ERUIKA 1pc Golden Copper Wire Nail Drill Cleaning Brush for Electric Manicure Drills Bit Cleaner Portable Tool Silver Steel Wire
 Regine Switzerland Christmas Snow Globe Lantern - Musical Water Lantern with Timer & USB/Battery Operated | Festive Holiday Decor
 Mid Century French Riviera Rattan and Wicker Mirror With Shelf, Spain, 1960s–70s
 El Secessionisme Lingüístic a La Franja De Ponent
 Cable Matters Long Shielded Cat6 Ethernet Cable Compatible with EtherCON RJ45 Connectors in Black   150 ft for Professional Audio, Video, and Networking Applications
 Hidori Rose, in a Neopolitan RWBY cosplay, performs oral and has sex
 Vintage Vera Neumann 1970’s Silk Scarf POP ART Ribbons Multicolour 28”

======

## Task item
Copy the data word for word.

## Your solution
ERUIKA 1pc Golden Copper Wire Nail Drill Cleaning Brush for Electric Manicure Drills Bit Cleaner Portable Tool Silver Steel Wire
 Regine Switzerland Christmas Snow Globe Lantern - Musical Water Lantern with Timer & USB/Battery Operated | Festive Holiday Decor
 Mid Century French Riviera Rattan and Wicker Mirror With Shelf, Spain, 1960s–70s
 El Secessionisme Lingüístic a La Franja De Ponent
 Cable Matters Long Shielded Cat6 Ethernet Cable Compatible with EtherCON RJ45 Connectors in Black   150 ft for Professional Audio, Video, and Networking Applications
 Hidori Rose, in a Neopolitan RWBY cosplay, performs oral and has sex
 Vintage Vera Neumann 1970’s Silk Scarf POP ART Ribbons Multicolour 28”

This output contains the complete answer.